YOUR GOAL: From the entries below, transcribe exactly the lines between the line holding "Photo of 24785" and the line holding "Audi S4 4.2 V8 quattro — zdjęcie 12", inclusive; skip all other lines.

SUPPLIED ENTRIES:
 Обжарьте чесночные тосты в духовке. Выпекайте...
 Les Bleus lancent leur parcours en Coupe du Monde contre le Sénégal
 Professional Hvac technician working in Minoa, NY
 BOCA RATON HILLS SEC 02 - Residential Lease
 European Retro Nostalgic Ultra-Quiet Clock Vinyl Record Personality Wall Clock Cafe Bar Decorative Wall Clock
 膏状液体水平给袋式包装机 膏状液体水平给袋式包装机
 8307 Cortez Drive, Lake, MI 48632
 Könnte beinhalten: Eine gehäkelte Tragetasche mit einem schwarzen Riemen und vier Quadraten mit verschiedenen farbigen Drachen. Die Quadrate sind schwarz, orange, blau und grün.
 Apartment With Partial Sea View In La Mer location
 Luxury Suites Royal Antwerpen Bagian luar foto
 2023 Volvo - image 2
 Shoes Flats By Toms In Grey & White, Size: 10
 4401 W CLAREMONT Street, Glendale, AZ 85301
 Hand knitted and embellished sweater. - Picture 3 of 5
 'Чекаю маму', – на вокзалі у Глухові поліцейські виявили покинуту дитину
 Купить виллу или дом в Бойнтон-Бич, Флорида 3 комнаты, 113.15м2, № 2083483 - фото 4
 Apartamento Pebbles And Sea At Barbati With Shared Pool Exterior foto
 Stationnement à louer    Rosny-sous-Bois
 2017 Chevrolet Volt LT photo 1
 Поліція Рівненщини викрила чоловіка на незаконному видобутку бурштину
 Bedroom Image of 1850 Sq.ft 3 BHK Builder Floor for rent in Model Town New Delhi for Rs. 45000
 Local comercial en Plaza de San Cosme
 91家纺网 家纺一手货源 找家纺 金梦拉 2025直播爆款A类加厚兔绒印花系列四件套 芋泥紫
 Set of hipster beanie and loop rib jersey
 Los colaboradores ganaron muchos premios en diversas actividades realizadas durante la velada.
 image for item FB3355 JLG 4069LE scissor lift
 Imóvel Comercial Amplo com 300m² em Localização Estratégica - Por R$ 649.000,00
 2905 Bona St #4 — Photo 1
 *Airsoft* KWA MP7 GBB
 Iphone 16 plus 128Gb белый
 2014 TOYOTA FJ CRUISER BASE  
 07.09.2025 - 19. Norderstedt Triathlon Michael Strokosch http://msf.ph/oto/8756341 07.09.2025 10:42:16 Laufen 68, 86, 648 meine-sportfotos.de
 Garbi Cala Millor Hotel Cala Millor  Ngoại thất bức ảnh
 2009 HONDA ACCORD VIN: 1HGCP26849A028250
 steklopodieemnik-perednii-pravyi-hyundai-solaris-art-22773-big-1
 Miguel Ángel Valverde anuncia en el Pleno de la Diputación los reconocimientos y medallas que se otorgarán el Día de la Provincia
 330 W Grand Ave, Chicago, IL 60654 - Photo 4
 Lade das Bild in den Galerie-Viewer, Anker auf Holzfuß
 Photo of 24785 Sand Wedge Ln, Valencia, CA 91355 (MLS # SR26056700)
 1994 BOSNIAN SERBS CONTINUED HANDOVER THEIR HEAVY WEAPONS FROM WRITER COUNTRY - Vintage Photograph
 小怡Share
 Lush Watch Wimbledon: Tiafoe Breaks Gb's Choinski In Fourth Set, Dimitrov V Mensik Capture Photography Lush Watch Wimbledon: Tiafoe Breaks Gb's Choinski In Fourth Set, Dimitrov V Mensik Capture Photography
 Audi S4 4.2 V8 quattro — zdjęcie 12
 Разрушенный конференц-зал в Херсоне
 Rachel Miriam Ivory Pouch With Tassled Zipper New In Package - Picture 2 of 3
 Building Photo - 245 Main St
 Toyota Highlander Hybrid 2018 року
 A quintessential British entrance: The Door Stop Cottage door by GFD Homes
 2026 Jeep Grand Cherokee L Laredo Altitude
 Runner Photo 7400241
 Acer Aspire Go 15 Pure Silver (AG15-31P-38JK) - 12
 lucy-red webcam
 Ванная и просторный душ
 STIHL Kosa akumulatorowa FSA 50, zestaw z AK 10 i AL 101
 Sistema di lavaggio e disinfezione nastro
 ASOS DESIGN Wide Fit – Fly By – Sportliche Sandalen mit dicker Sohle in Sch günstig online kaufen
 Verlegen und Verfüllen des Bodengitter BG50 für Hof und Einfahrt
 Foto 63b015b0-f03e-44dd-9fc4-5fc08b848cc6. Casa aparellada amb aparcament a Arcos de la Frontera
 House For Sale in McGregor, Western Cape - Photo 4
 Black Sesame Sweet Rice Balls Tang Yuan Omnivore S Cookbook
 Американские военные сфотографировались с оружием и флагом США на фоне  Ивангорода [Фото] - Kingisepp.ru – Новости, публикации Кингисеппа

ANSWER SECTION:
 Photo of 24785 Sand Wedge Ln, Valencia, CA 91355 (MLS # SR26056700)
 1994 BOSNIAN SERBS CONTINUED HANDOVER THEIR HEAVY WEAPONS FROM WRITER COUNTRY - Vintage Photograph
 小怡Share
 Lush Watch Wimbledon: Tiafoe Breaks Gb's Choinski In Fourth Set, Dimitrov V Mensik Capture Photography Lush Watch Wimbledon: Tiafoe Breaks Gb's Choinski In Fourth Set, Dimitrov V Mensik Capture Photography
 Audi S4 4.2 V8 quattro — zdjęcie 12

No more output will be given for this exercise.